I have been on Lupron continuously for the past 10 years. It had kept my mets under control until 11 months ago. Mets advanced until 6 months ago when a biopsy showed that my PCa had morphed to a neuroendocrine/small cell cancer. Currently on chemo for that but there is some PCa activity since my PSA is rising even on Lupron and chemo.

My data is in my summary on my home page.

No one can predict who will respond to Lupron.

Litlerny6 years ago

I’ve been on Lupron + Bicalutamide for over 3 years now. Also did a 6 cycle course of docetaxel earlier this year as an adjunct. As of 7/13/18 my PSA still undetectable, Testosterone 7-8, and bone scan showed interval resolution of my one pelvic tumor and no new tumors. Very 😃 happy and very blessed 🙏.
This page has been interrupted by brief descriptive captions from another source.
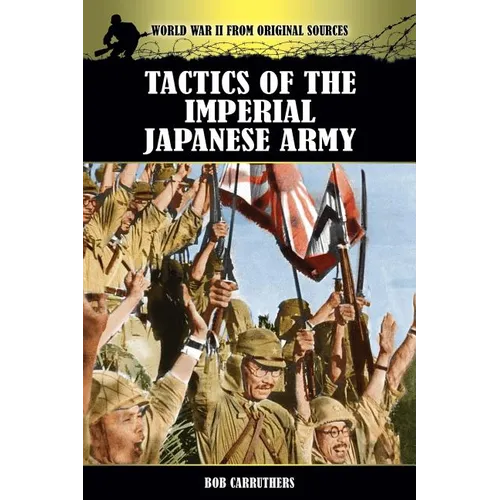 Tactics of the Imperial Japanese Army - Paperback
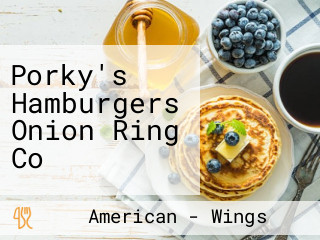 Porky's Hamburgers Onion Ring Co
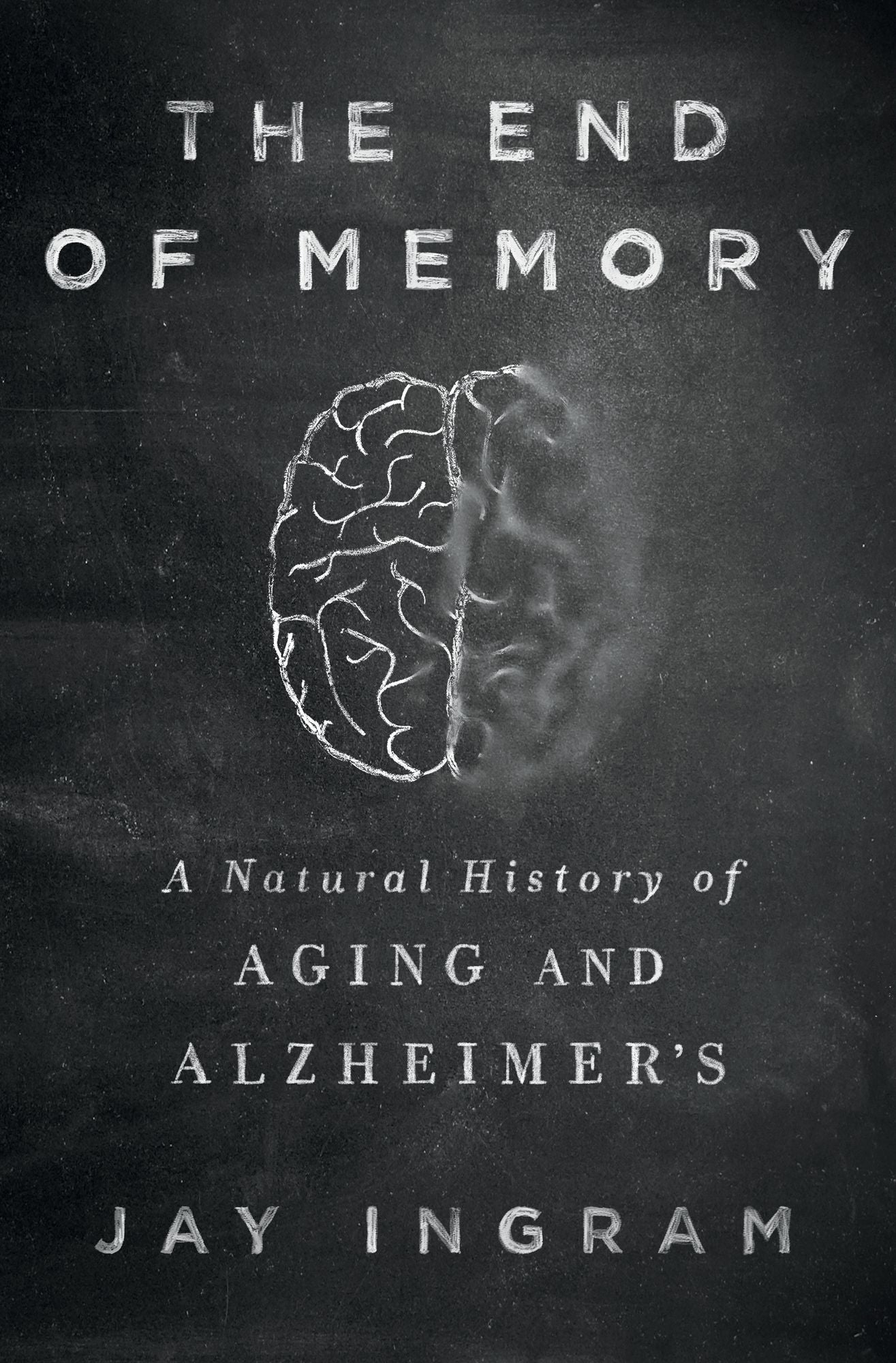 The End of Memory: A Natural History of Aging and Alzheimer's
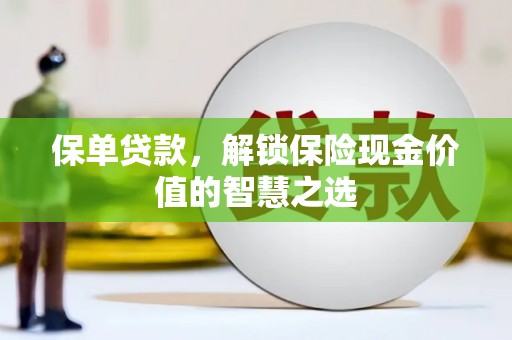 镇远保单贷款，解锁保险现金价值的智慧之选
But, how long all this works in any individual patient is anybody’s guess and highly variable as noted in other replies. I’m hoping mine is like DenDoc and lasts 9-10 years, when even more new drugs and secondary treatment modalities are available once I become castrate resistant.

Hidden6 years ago

My UCSF oncologist seems to be telling me there is no after Lupron--I need to keep getting it indefinitely. I don't know whether he thinks that is true generally or just in my specific Stage IV presentation.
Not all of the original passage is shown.